Each line below from the "2025 Chevrolet Corvette" line through the "Arctic White 2011" line, those two included, must be restated word for word; the pictures must not be.

GIVEN DATA

--- START ---

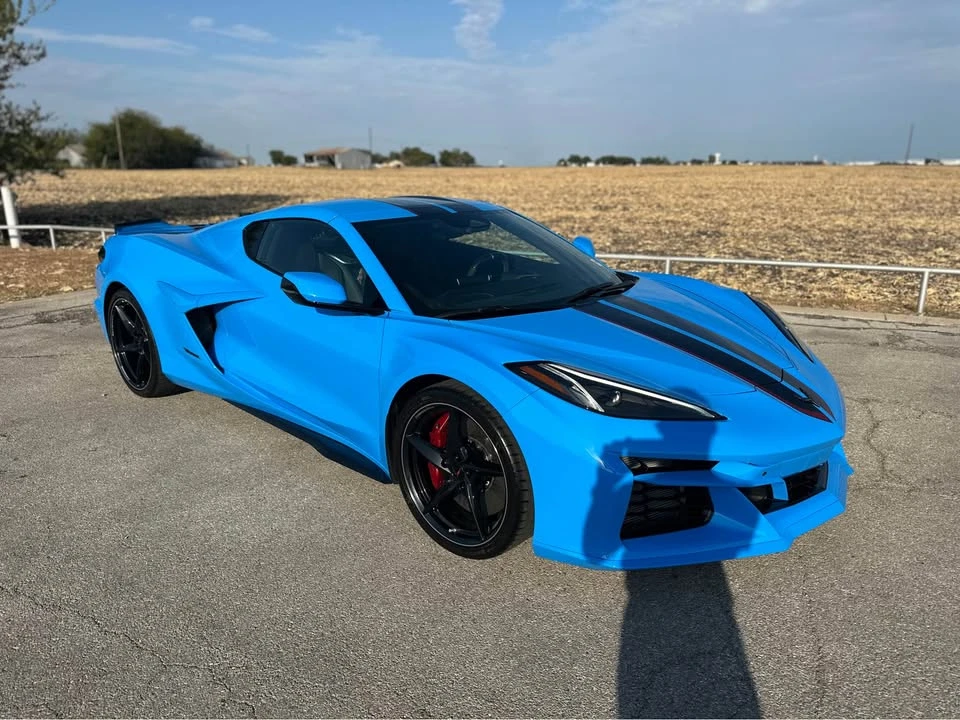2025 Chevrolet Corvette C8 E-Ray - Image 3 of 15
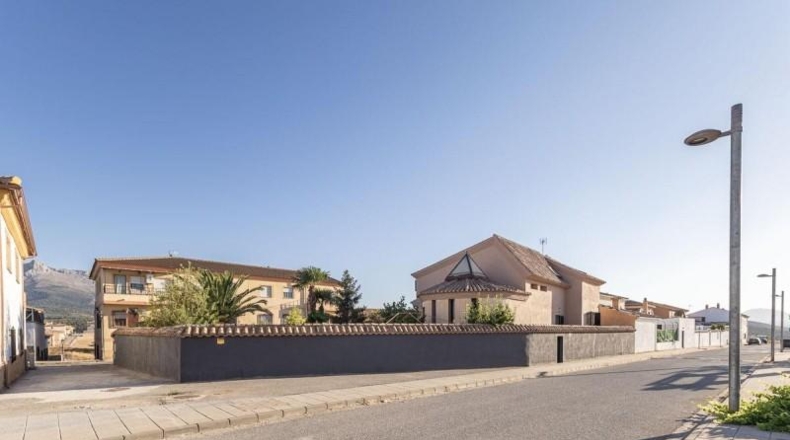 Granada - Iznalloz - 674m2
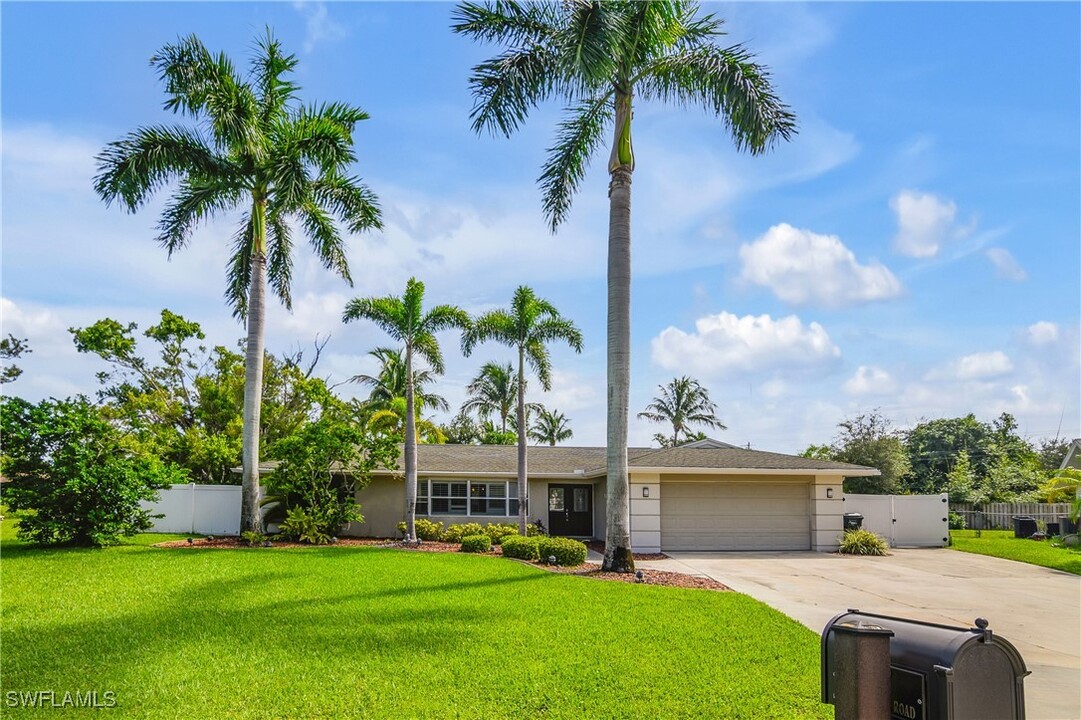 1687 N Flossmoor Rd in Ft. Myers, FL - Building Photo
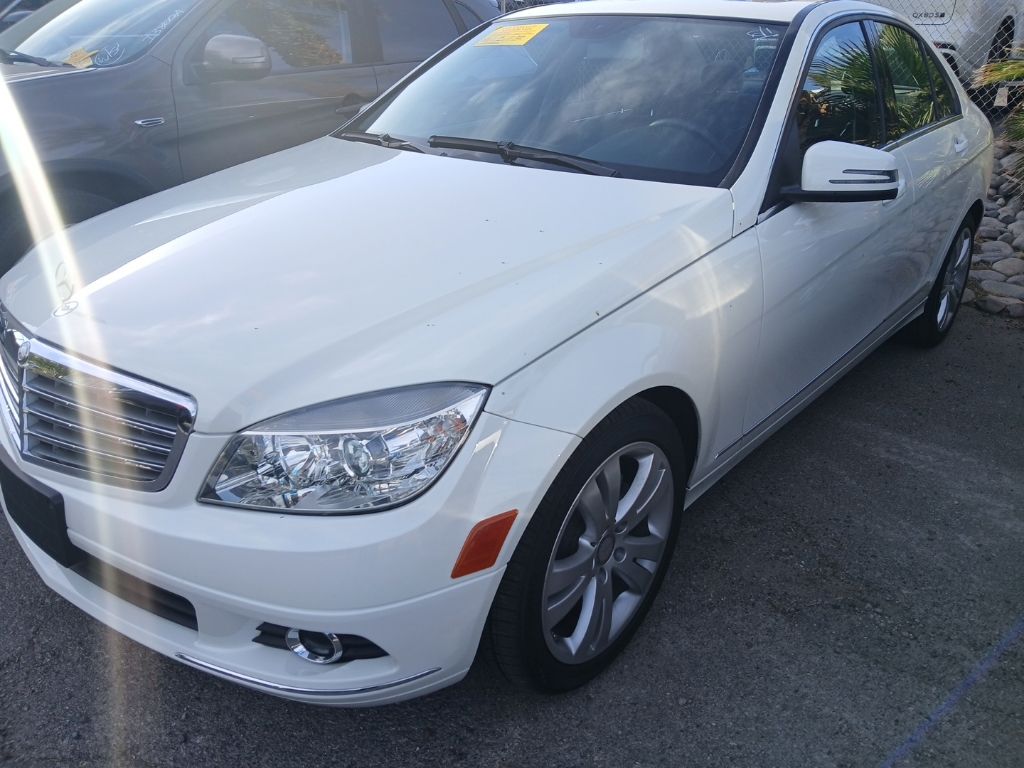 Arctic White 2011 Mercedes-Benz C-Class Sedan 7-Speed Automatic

--- END ---
--- START ---

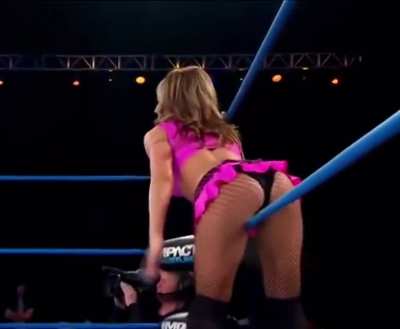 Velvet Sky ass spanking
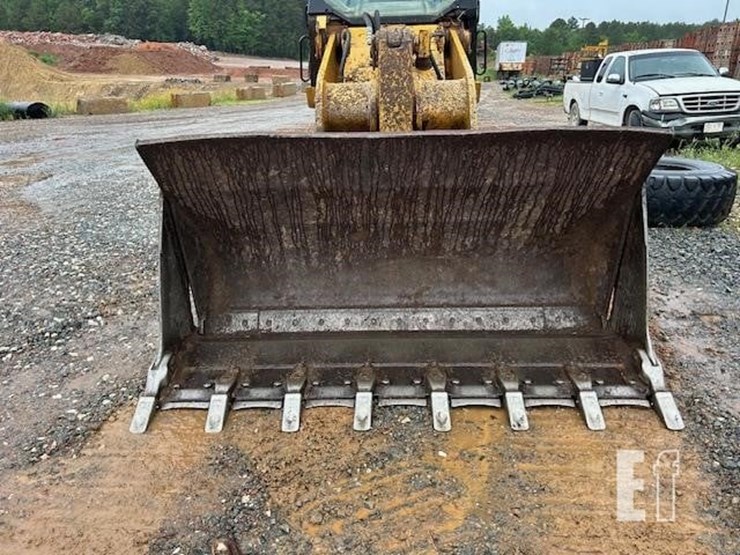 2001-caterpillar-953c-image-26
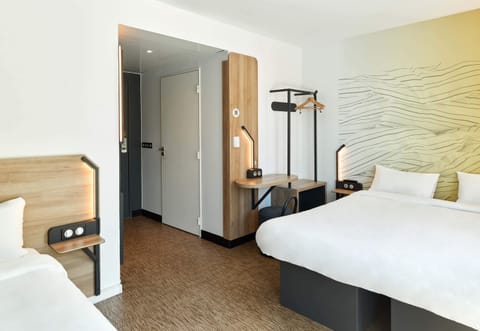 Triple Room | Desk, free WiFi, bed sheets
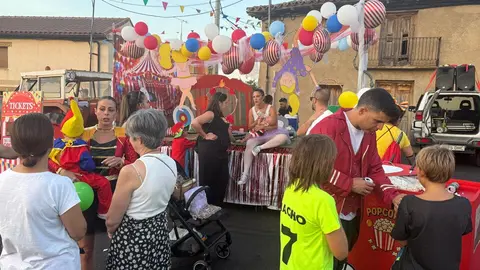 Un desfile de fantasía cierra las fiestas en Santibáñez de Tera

--- END ---

WRITTEN ANSWER
2025 Chevrolet Corvette C8 E-Ray - Image 3 of 15
 Granada - Iznalloz - 674m2
 1687 N Flossmoor Rd in Ft. Myers, FL - Building Photo
 Arctic White 2011 Mercedes-Benz C-Class Sedan 7-Speed Automatic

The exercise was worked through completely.